If $(z-2)/(z+2)$ is purely imaginary, find $z$ that satisfies this condition? 
If $(z-2)/(z+2)$ is purely imaginary, then what is the value of $z$ that satisfies this condition?

I am troubled solving this equation for a long time. I tried to put $z = a + i b$ and then I got $(a-2+ib)(a+2+ib)$ is imaginary. 
Not sure how to go now? Thank youvery much.
 A: Another way would be to see that if $x$ is purely imaginary, then $x + \bar{x} = 0$
$$\frac{z-2}{z+2} + \frac{\bar{z}-2}{\bar{z}+2} = 0$$
Assume $z \neq -2$, then on solving you have:
$$z\bar z -2 \bar z + 2z -4 + z\bar z -2 z + 2\bar z -4 =0 \\
z\bar z = 4$$
Or that $|z| = 2$. This is a circle with radius $2$ and centre origin. Obviously note that $z = -2$ is not a solution.
A: Let $0 \ne b \in \mathbb R$
\begin{align}
   \frac{z-2}{z+2} &= bi \\
   z-2 &= bzi+2bi \\
   (1-bi)z&= 2(1+bi) \\
   z &= 2\frac{1+bi}{1-bi} \\
   z &= 2\dfrac{(1-b^2)+2bi}{1+b^2}
\end{align}
A: $$\frac{a-2+ib}{a+2+ib} = \frac{(a-2+ib)(a+2-ib)}{(a+2-ib)(a+2-ib)}$$
Now, simplify the expression, and remember how $(x+iy)(x-iy)=x^2+y^2$ is a real number. Therefore, you will get something like
$$\frac{\text{something} + (\text{something else})\cdot i}{\text{some real number}}$$
which is the same as
$$\frac{\text{something}}{\text{some real number}} + \frac{\text{something else}}{\text{some real number}}\cdot i$$
A: Putting $z=a+ib$, with $z\neq-2$, is a correct way to start.
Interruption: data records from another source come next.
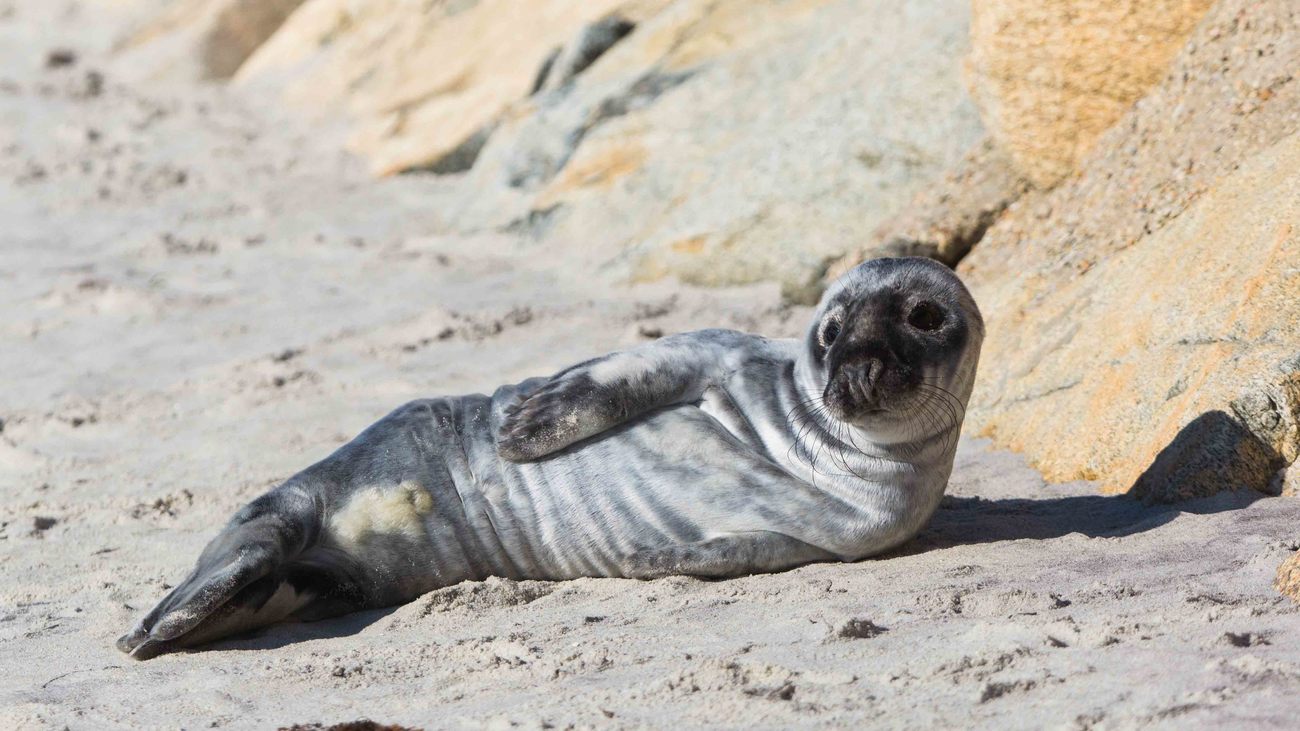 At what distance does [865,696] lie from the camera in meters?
2.66

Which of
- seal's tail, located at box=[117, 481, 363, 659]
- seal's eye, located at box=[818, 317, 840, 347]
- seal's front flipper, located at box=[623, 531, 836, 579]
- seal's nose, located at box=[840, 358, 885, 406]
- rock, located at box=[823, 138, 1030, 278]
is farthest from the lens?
rock, located at box=[823, 138, 1030, 278]

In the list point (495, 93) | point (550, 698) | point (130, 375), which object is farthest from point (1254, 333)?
point (495, 93)

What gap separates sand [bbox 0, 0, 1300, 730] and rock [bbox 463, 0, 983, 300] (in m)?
0.24

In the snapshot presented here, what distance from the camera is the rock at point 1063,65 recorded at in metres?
5.75

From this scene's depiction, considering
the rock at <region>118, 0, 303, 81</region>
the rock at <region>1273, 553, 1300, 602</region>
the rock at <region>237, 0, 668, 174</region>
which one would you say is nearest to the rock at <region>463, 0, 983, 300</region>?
the rock at <region>237, 0, 668, 174</region>

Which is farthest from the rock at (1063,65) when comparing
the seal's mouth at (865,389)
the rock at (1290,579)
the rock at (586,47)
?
the rock at (586,47)

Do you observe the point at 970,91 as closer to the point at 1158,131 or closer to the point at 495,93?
the point at 1158,131

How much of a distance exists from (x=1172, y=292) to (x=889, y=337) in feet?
3.77

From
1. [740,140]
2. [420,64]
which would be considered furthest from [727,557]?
[420,64]

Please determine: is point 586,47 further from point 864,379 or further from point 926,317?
point 864,379

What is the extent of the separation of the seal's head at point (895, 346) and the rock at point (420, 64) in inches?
236

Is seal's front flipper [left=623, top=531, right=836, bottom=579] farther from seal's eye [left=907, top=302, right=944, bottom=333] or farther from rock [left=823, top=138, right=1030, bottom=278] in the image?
rock [left=823, top=138, right=1030, bottom=278]

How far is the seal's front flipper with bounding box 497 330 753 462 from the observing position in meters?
3.84

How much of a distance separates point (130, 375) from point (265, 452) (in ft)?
4.89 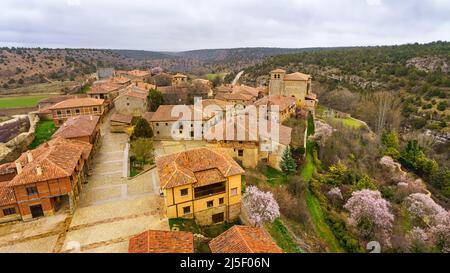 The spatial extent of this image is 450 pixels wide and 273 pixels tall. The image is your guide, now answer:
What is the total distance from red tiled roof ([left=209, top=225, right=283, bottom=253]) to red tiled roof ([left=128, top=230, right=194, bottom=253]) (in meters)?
1.52

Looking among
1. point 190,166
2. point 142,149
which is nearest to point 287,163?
point 190,166

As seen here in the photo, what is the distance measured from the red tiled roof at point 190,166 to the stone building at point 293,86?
35824 mm

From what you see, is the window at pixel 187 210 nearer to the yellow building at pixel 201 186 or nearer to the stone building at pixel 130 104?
the yellow building at pixel 201 186

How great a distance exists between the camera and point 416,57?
81.6m

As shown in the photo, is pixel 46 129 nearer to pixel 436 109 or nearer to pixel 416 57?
pixel 436 109

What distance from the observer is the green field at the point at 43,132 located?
35.9m

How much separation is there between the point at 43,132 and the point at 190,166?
96.4 feet

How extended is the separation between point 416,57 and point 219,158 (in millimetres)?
86206

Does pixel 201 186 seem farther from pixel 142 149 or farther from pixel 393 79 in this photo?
pixel 393 79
Then, you get \begin{align}\frac{z-2}{z+2}&=\frac{z-2}{(a+2)+ib}=\frac{(a-2)+ib}{(a+2)+ib}\cdot\frac{(a+2)-ib}{(a+2)-ib}\\[0.2cm]&=\frac{(a-2)(a+2)+b^2+ib(a+2-a+2)}{(a+2)^2+b^2}=\underbrace{\frac{(a-2)(a+2)+b^2}{(a+2)^2+b^2}}_{=\text{ real part }=0}+i\frac{4b}{(a+2)^2+b^2}\end{align} So, you get the equation $$(a-2)(a+2)+b^2=0\iff a^2+b^2=2^2 \iff |z|=2$$ which gives a set of possible solutions.